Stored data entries
◆ ◆ ◆ ◆
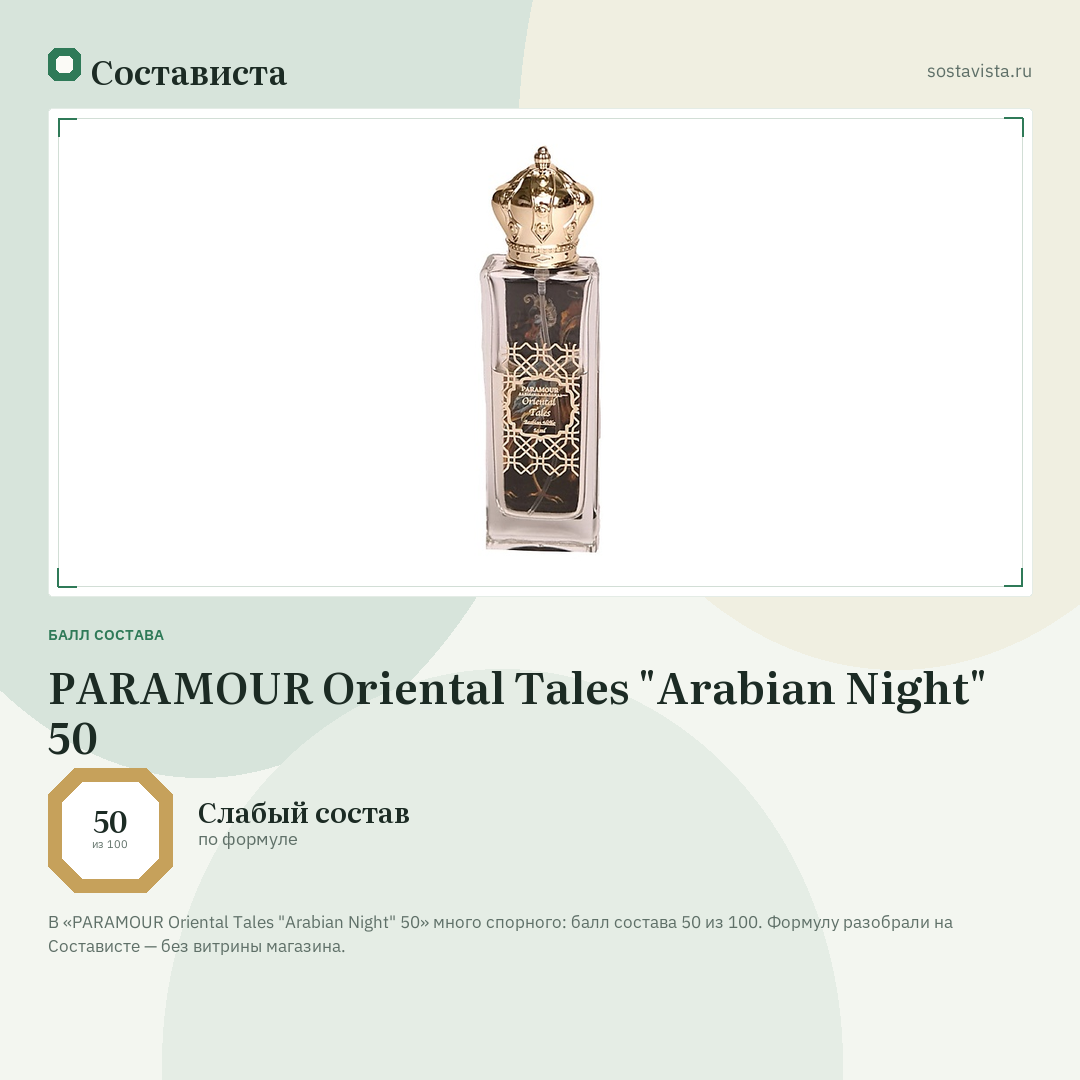 PARAMOUR Oriental Tales "Arabian Night" 50: балл состава 50 из 100 — Состависта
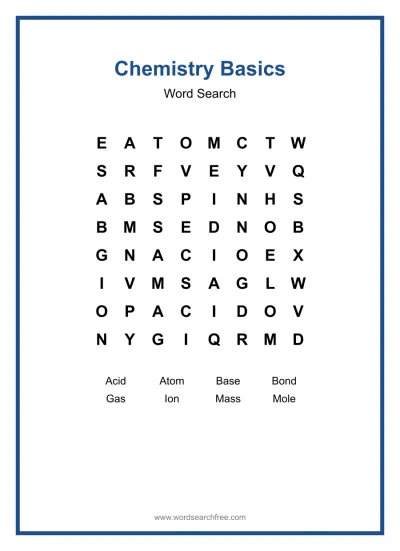 Printable Chemistry Basics Word Search worksheet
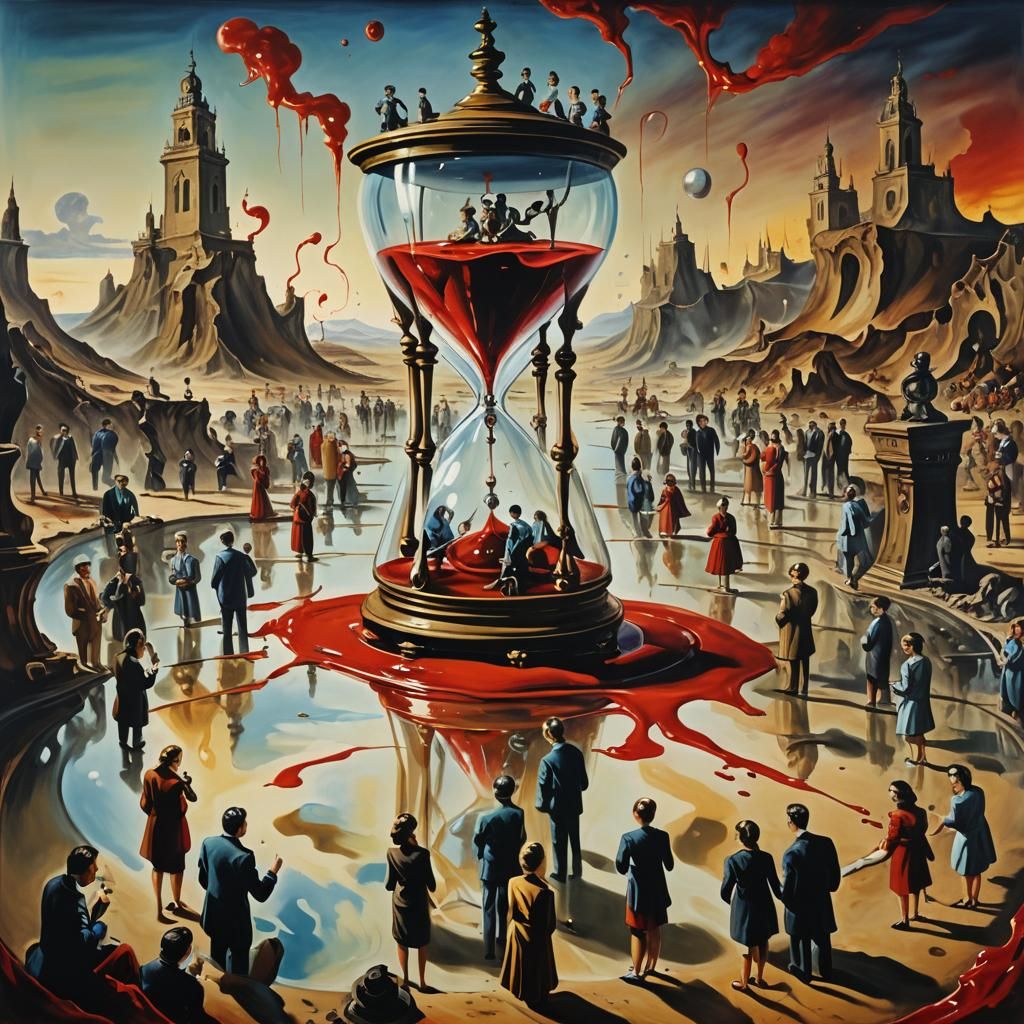 Surreal Oil Painting of a Distorted Hourglass in a Dreamlike...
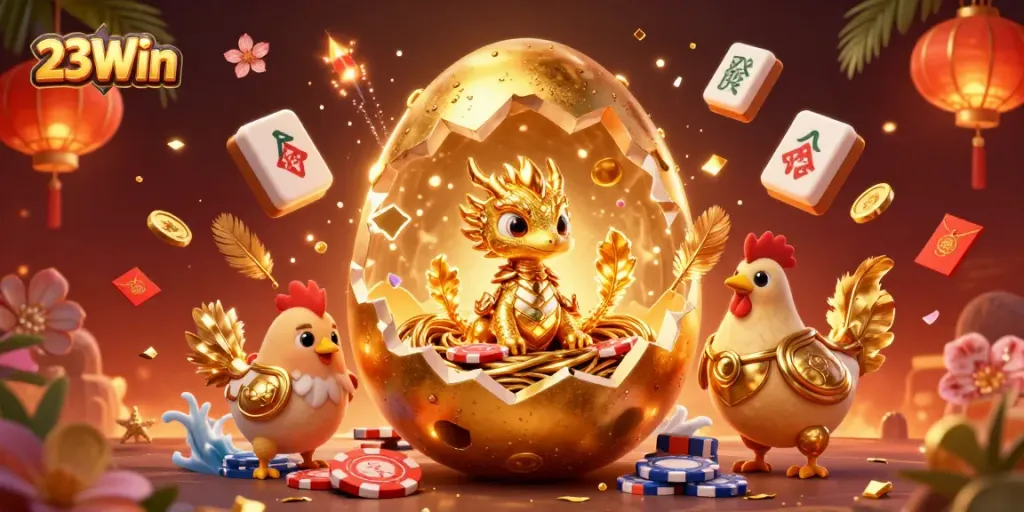 Experience thrilling wins with 23Win's exclusive casino action amidst vibrant golden elements.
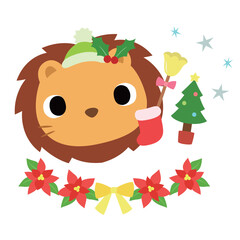 可愛いライオンのマーク　冬のクリスマス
◆ ◆ ◆ ◆
Task directions: Output all of the data exactly as it stands, minus any images.

Solution for this exercise:
 PARAMOUR Oriental Tales "Arabian Night" 50: балл состава 50 из 100 — Состависта
 Printable Chemistry Basics Word Search worksheet
 Surreal Oil Painting of a Distorted Hourglass in a Dreamlike...
 Experience thrilling wins with 23Win's exclusive casino action amidst vibrant golden elements.
 可愛いライオンのマーク　冬のクリスマス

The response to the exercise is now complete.